How to realize the 110 direction stretching?

[Dreamer-zh]

Thank you very much for this tutorial. According to this tutorial, I have realized the tensile mechanical properties of BCC(body centered cubic) Fe block (x - < 100 >, Y - < 010 >, Z - < 001 >).

But I couldn't achieve it when I tried the tensile mechanical properties of another crystal oriented Fe block (x - < 110 >, Y - < 110 >, Z - < 001 >). I have tried to modify the system temperature, cutoff and other parameters, but I still can't. I have to ask you for help. I hope you can help me.

Thank you!

[Dreamer-zh]

Other conditions remain unchanged. If I only change this command, the program will report an error. Crystal orientation in tutorial: lattice bcc ${latparam} orient x 1 0 0 orient y 0 1 0 orient z 0 0 1 Crystal orientation after transformation lattice bcc ${latparam} orient x 1 1 0 orient y -1 1 0 orient z 0 0 1

Error: Step Lx Ly Lz Press Pxx Pyy Pzz PotEng Temp 0 28.55 28.55 28.55 2.5124817e+16 3.7687225e+16 3.7687225e+16 -161074.47 1.0947933e+15 300 ERROR: Non-numeric pressure - simulation unstable (../fix_nh.cpp:1043) Last command: run 20000

[mrkllntschpp]

Thanks! It turns out that I had defined the "lattice" command twice and the initial one did not have the details of the orientation, so it defaults to the <100> configuration--this caused a problem because the next command used the periodic distance in those directions to set up the simulation cell boundaries. Then, it built the atoms to the "intended" orientation with the second "lattice" command.
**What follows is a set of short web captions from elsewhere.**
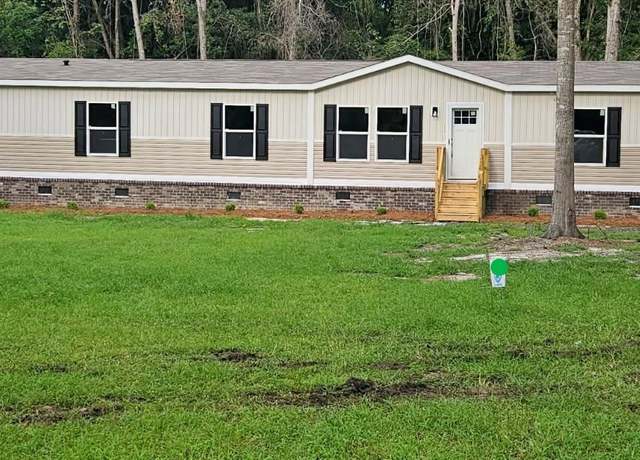 Property at 117 Martin Dr, Eutawville, SC 29048, 4 beds, 2 baths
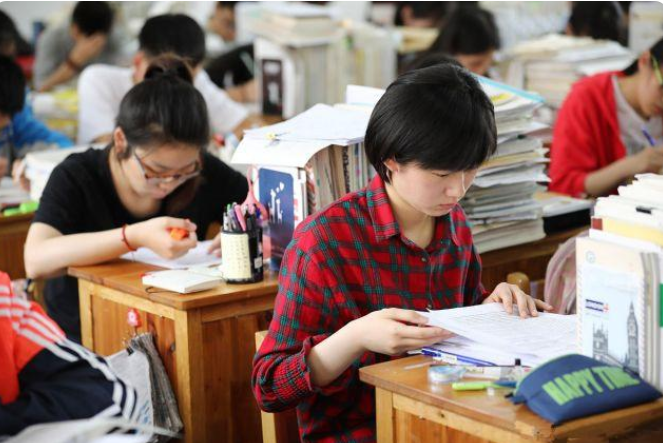 将来想考公务员，推荐报考这两大专业，上岸几率大，很占便宜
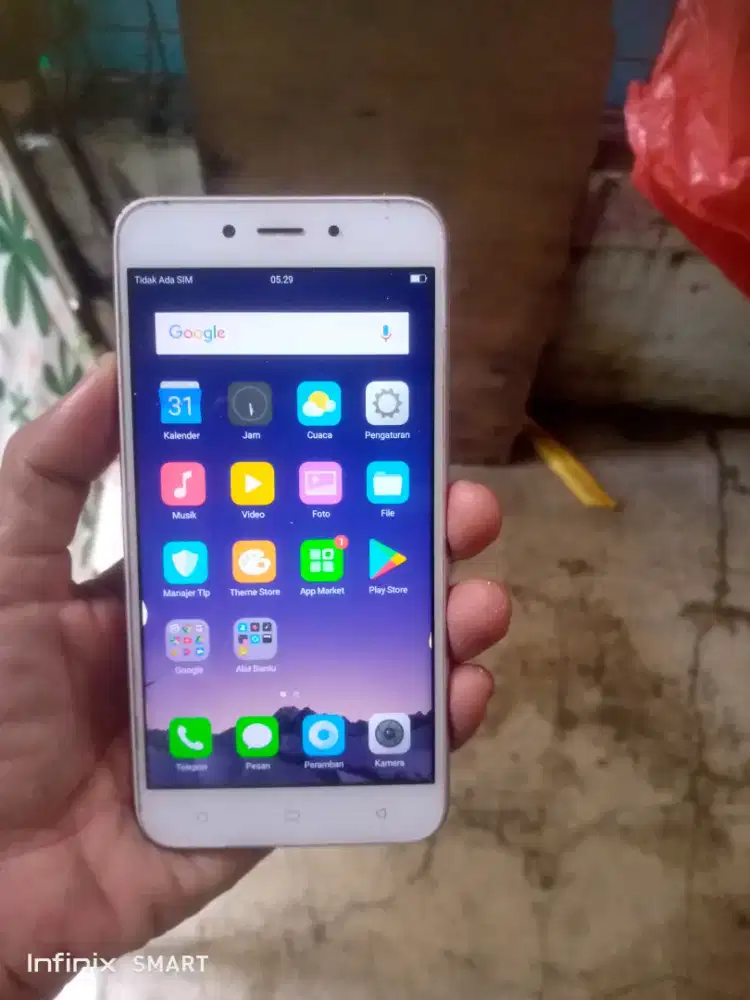 Oppo A71 ram 2/16 jaringan 4g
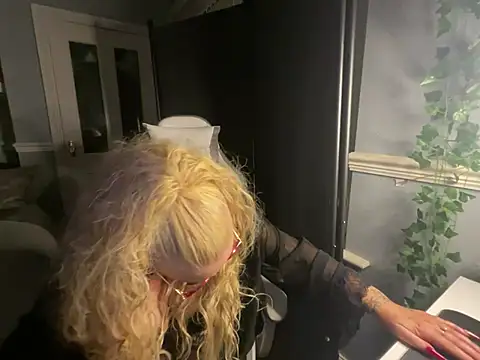 BonnyDesire online show from March 11, 8:37 pm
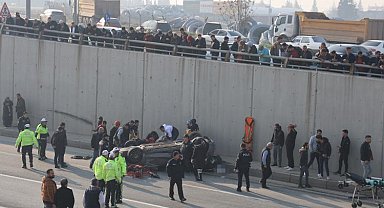 Önce otomobile sonra aydınlatma direğine çarpıp takla attı: 1 ölü, 1 yaralı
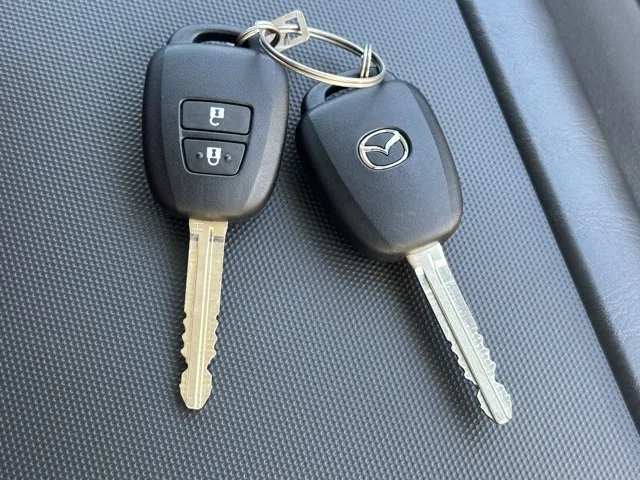 ボンゴ(マツダ)GL 4WD ディーゼル登録済未使用車 28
This means that it probably built a bunch of atoms at the boundary that made for a weird atom lattice (not single crystal!). So...

I went ahead and moved the "lattice" orientation assignment in Tutorials 1, 2, 3, and 4 before the perioidic distance command. I added an FAQ to Tutorials 1 and 3 about how to do this. Voila! Issue resolved. Not a problem necessarily for <100>, but now it should be easily changed to new orientations.